- **Exercise description**
When the line with "Round Natural Green" turns up below, begin repeating exactly, and carry on through the line with "FUL Batman Neck"; no pictures go into the copy.

- **Input material**
☆ ☆ ☆
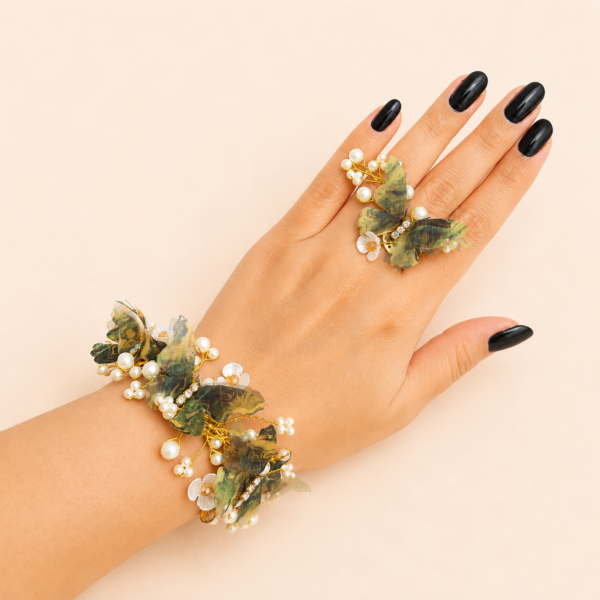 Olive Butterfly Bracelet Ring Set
☆ ☆ ☆
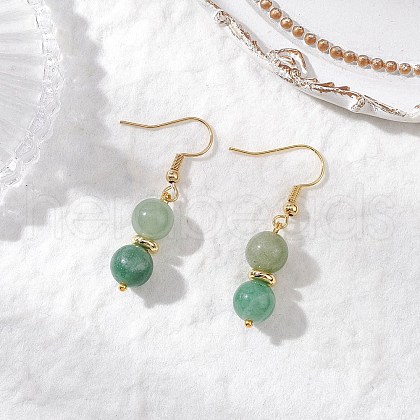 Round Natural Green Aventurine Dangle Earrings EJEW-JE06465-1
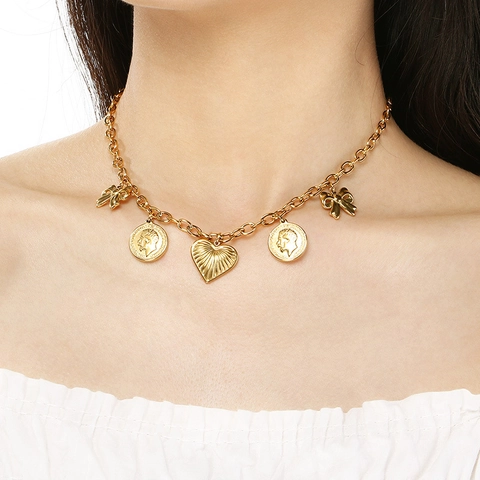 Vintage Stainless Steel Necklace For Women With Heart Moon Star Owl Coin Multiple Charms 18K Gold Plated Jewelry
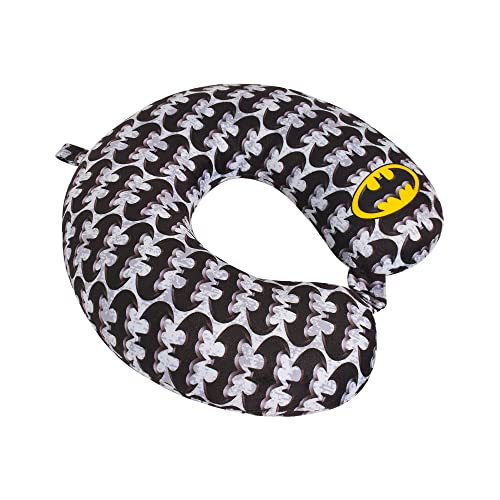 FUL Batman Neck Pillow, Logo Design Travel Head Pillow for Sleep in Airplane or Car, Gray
☆ ☆ ☆
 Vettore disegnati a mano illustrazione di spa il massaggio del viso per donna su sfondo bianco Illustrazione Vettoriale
☆ ☆ ☆
- **Exercise answer**
 Round Natural Green Aventurine Dangle Earrings EJEW-JE06465-1
 Vintage Stainless Steel Necklace For Women With Heart Moon Star Owl Coin Multiple Charms 18K Gold Plated Jewelry
 FUL Batman Neck Pillow, Logo Design Travel Head Pillow for Sleep in Airplane or Car, Gray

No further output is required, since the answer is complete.